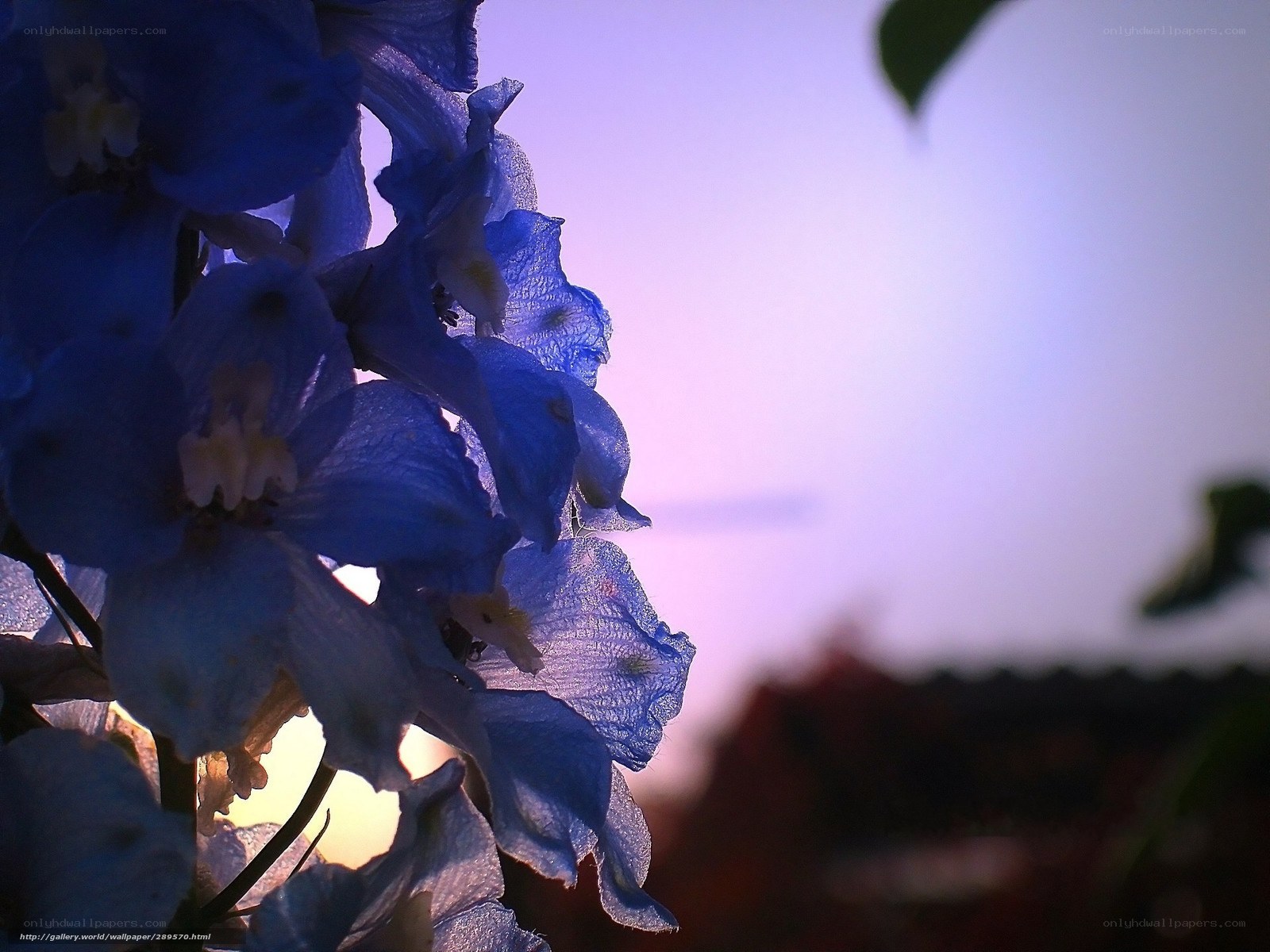 Blue flowers at sunset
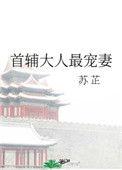 首辅大人宠妻日常怎么样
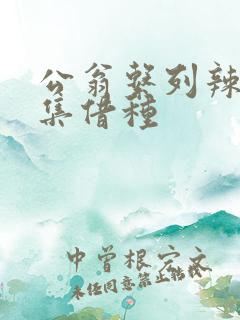 公翁系列辣文全集借种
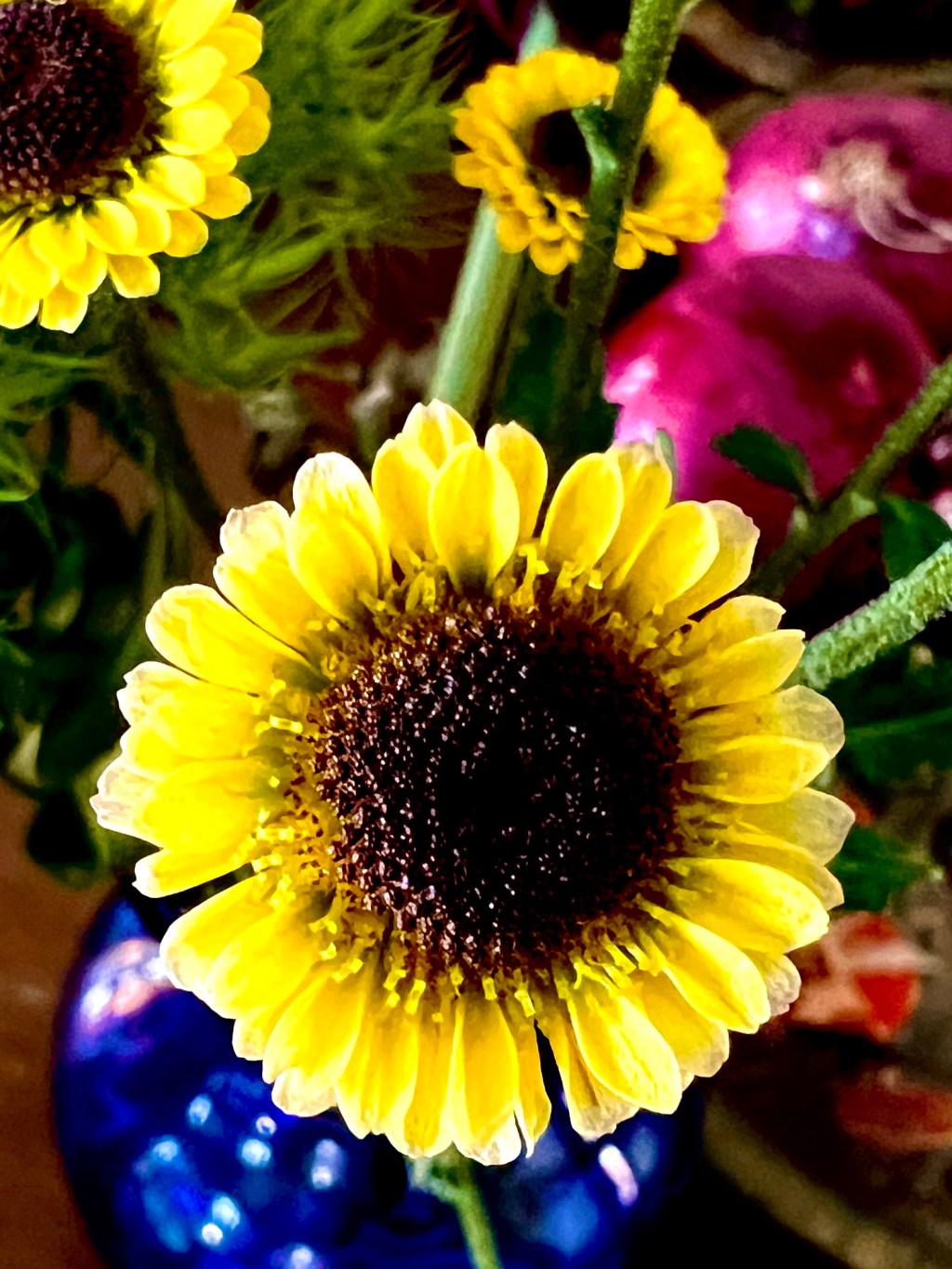 July Favorite Photos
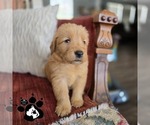 Image preview for Ad Listing. Nickname: Litter of 4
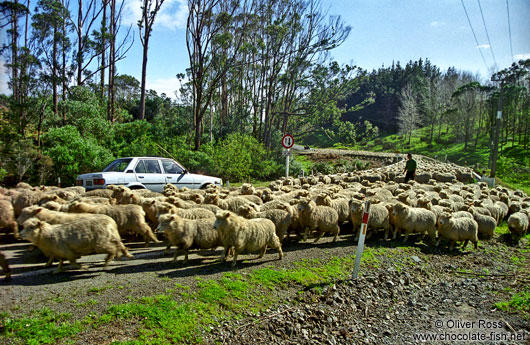 1300 sheep on a Northland road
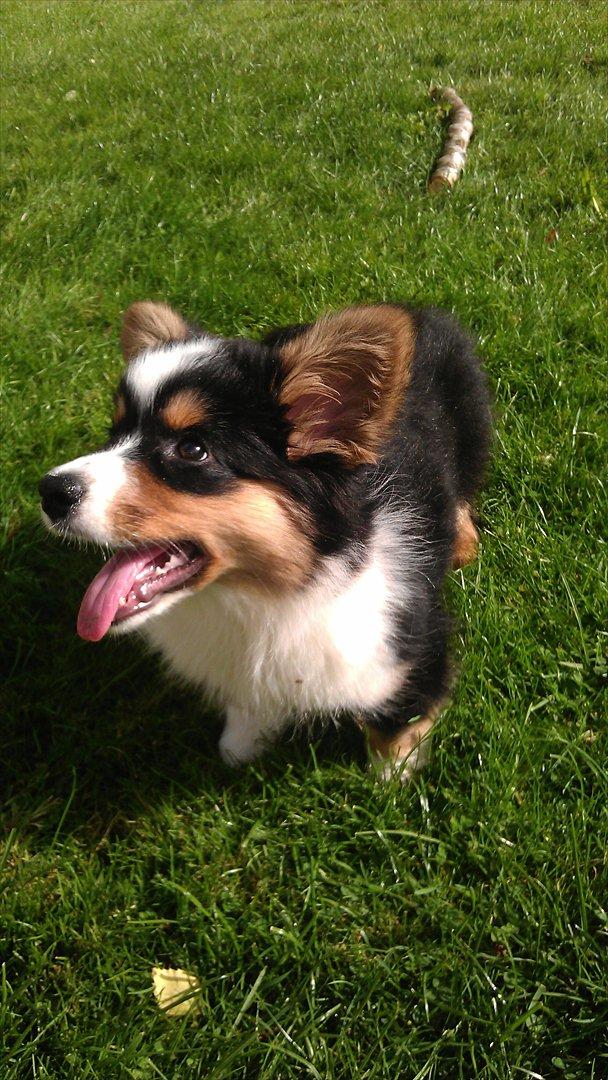 Welsh corgi cardigan Hashfan Opium Boy (Eddy) billede 15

The task: A word-for-word copy is required of the lines above from the line with "Image preview for" through the last line of the data; no other lines and no pictures belong in it.

Response box:
 Image preview for Ad Listing. Nickname: Litter of 4
 1300 sheep on a Northland road
 Welsh corgi cardigan Hashfan Opium Boy (Eddy) billede 15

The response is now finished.